Assignment:
Only lines, not pictures: please repeat exactly the lines from the one with "2022 Chrysler Voyager, $21500. Photo 8" through the end of the listing.
[Provided records Boundary: Start]
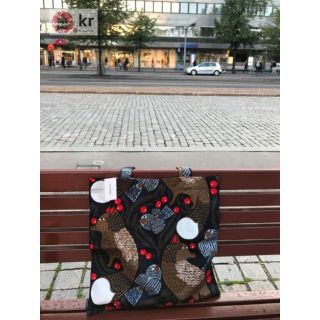 กระเป๋า Marimekko Totebag หมาป่า พื้นเทาเข้ม ของแท้จากช็อป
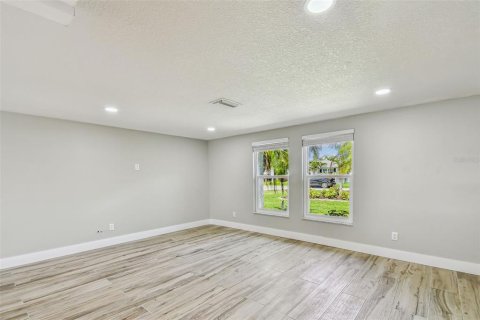 Casa en alquiler en Hudson, Florida, 3 dormitorios, 158.31 m2 № 1908445 - foto 25
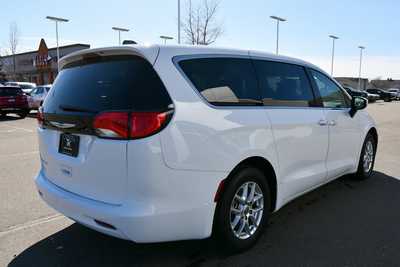 2022 Chrysler Voyager, $21500. Photo 8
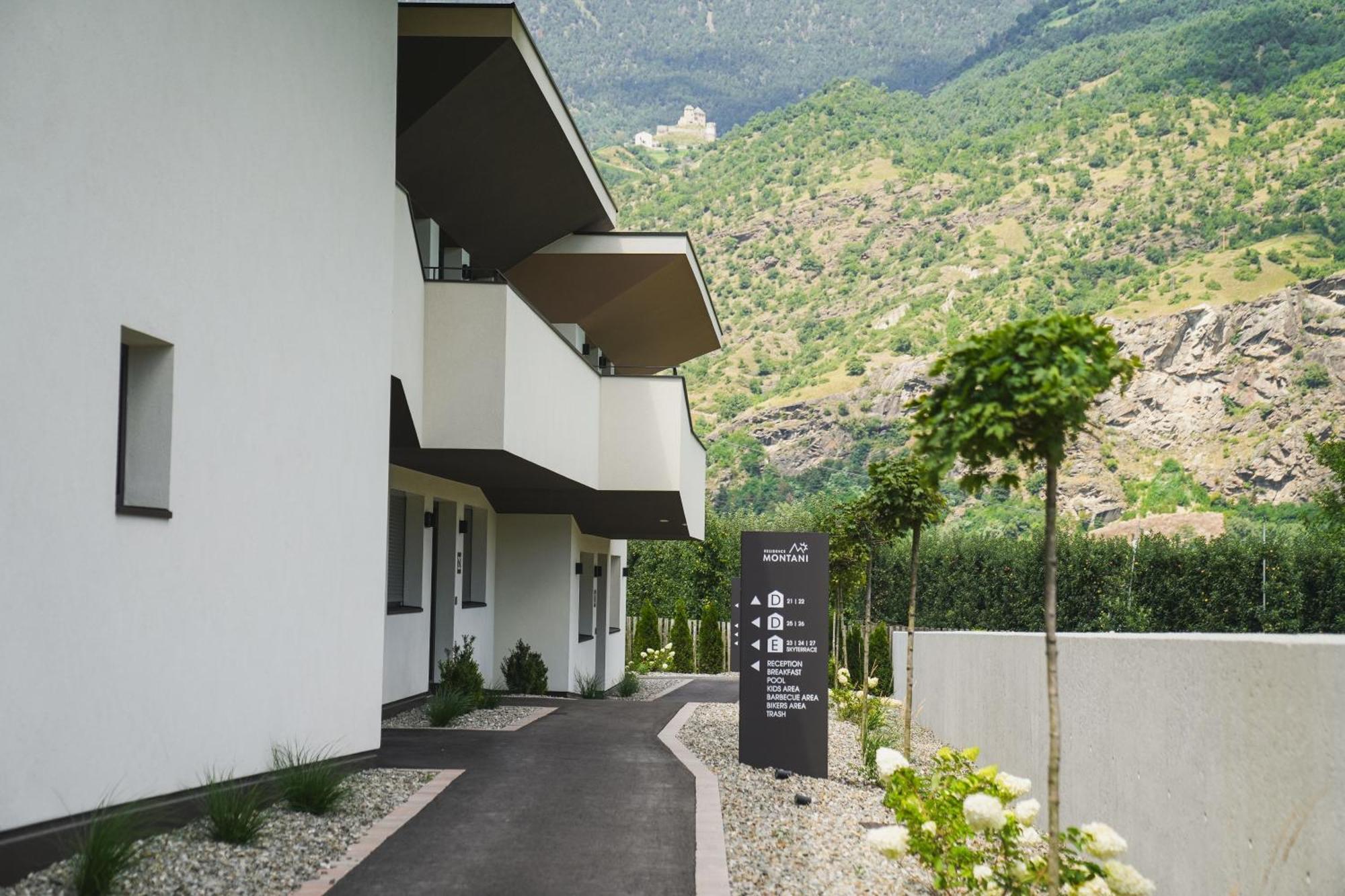 Residence Montani Laces Esterno foto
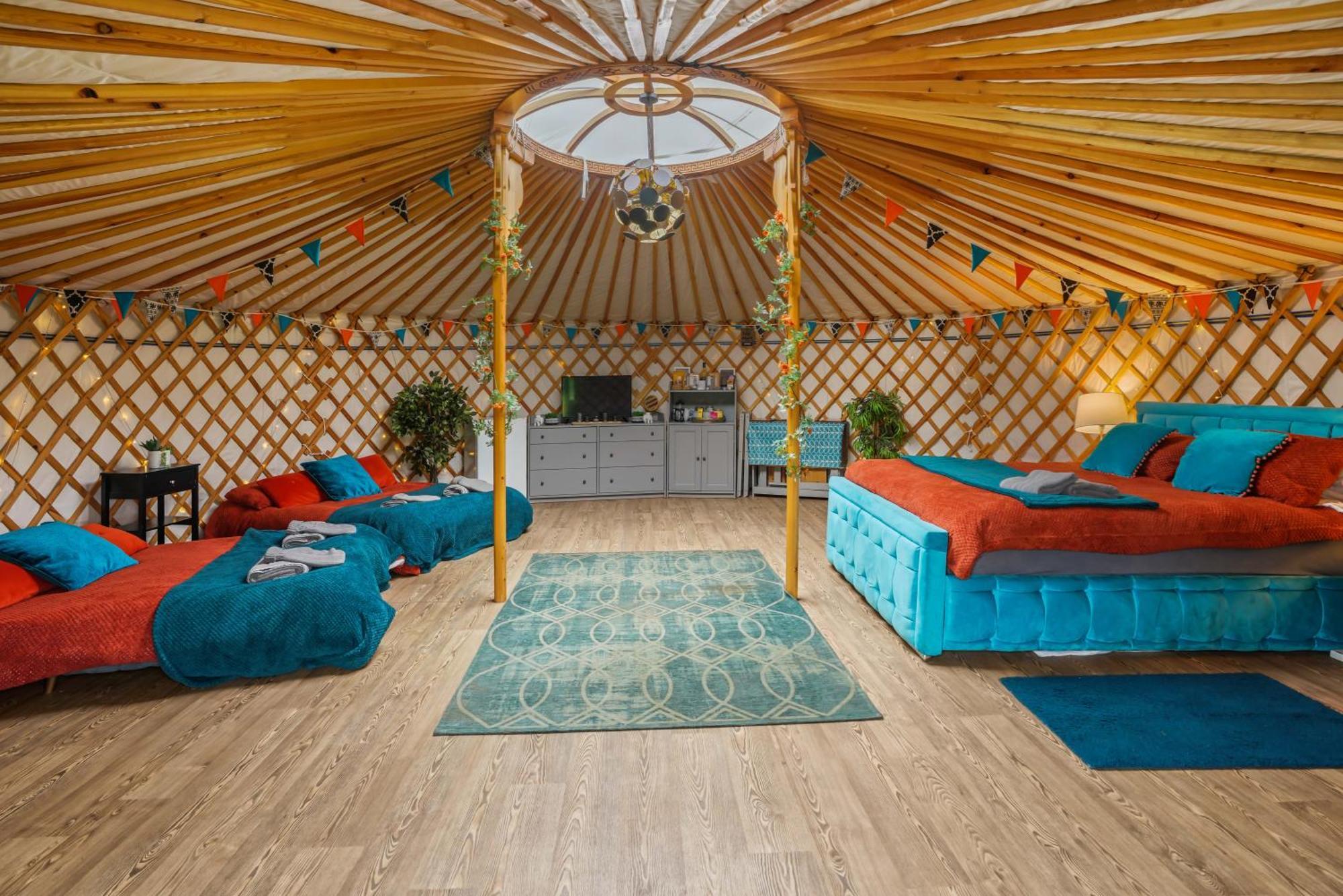 Glamp And Tipple Ltd Hotel Great Ellingham Buitenkant foto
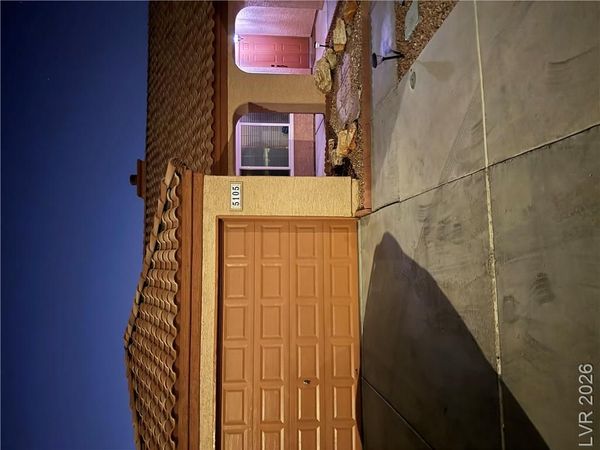5105 W Desert Inn Road, Las Vegas, NV 89146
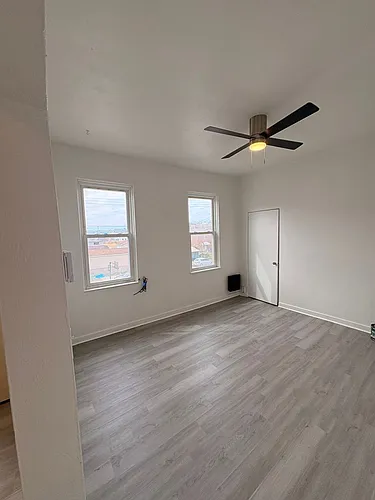 215 Woodkirk St Photo 1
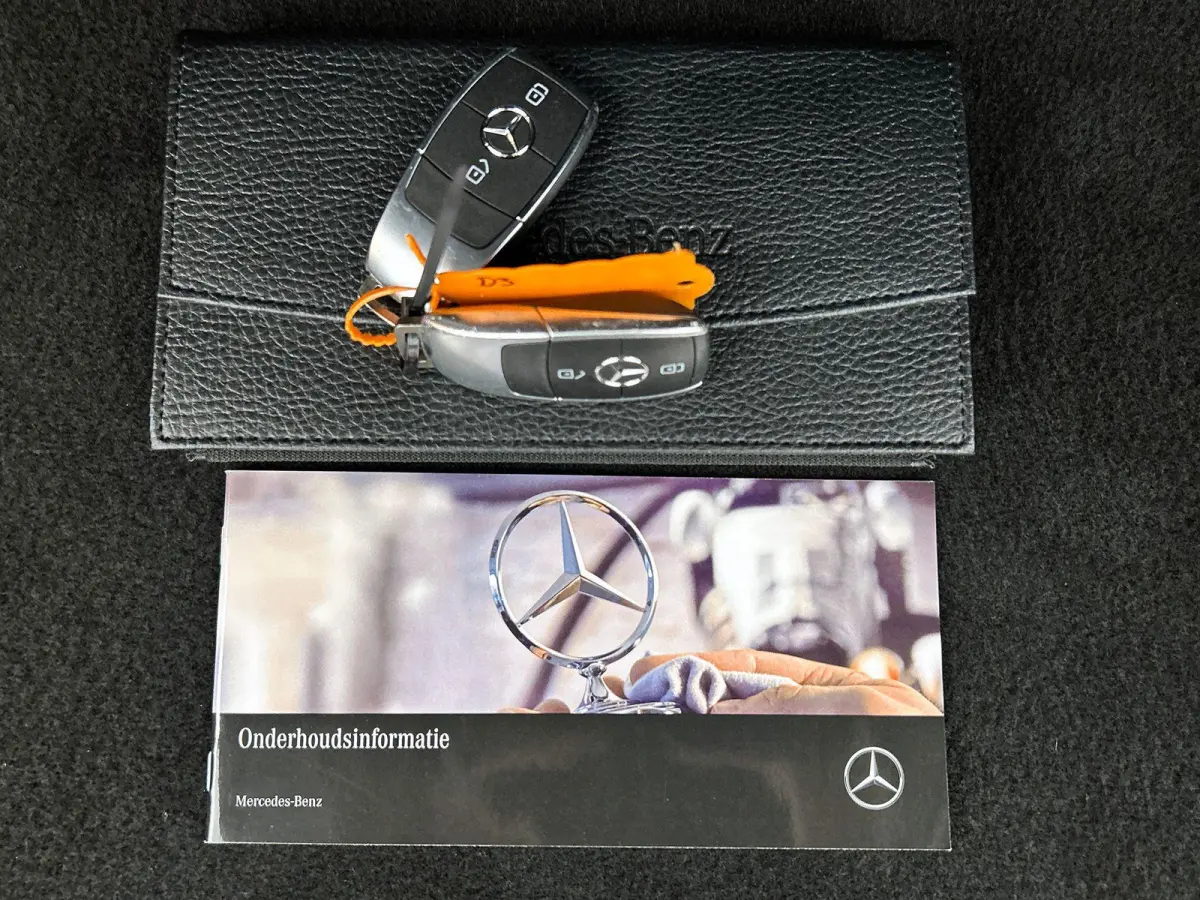 Hatchback 180 Business Solution AMG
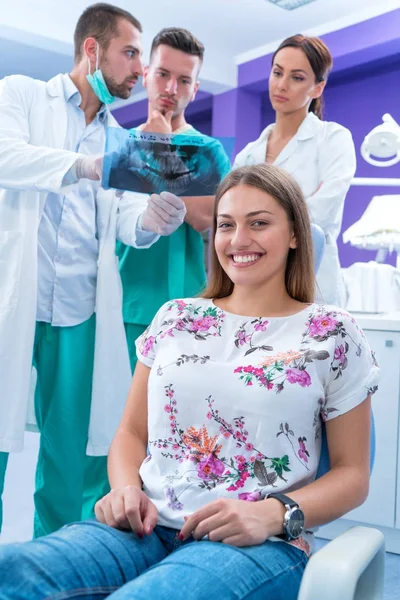 Dentista Mostra Paciente Raio Dos Dentes Escritório Moderno — Fotografia de Stock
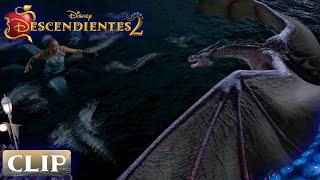 Descendientes 2 | La Pelea De Mal Y Uma ( Clip#10 / Latino ) | Disney Channel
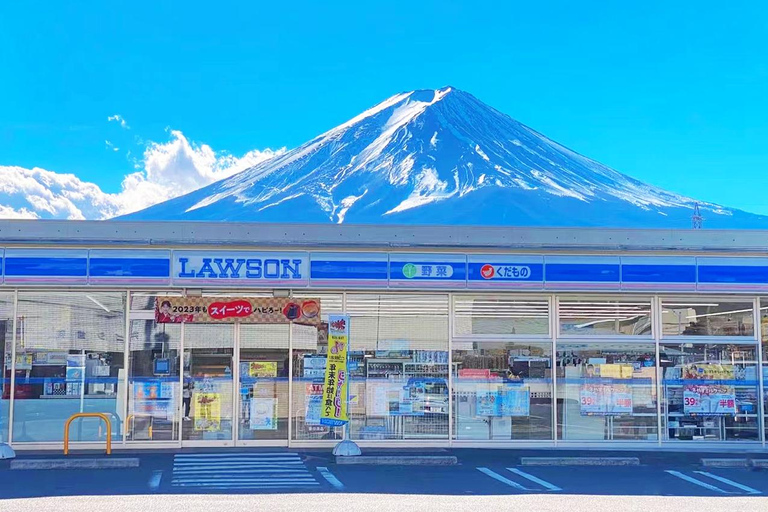 Visite des 6 attractions du mont Fuji : lac Kawaguchi, Oshino HakkaiLieu de rendez-vous : gare de Tokyo à 8 h 00.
[Provided records Boundary: End]
Result for this exercise:
 2022 Chrysler Voyager, $21500. Photo 8
 Residence Montani Laces Esterno foto
 Glamp And Tipple Ltd Hotel Great Ellingham Buitenkant foto
5105 W Desert Inn Road, Las Vegas, NV 89146
 215 Woodkirk St Photo 1
 Hatchback 180 Business Solution AMG
 Dentista Mostra Paciente Raio Dos Dentes Escritório Moderno — Fotografia de Stock
 Descendientes 2 | La Pelea De Mal Y Uma ( Clip#10 / Latino ) | Disney Channel
 Visite des 6 attractions du mont Fuji : lac Kawaguchi, Oshino HakkaiLieu de rendez-vous : gare de Tokyo à 8 h 00.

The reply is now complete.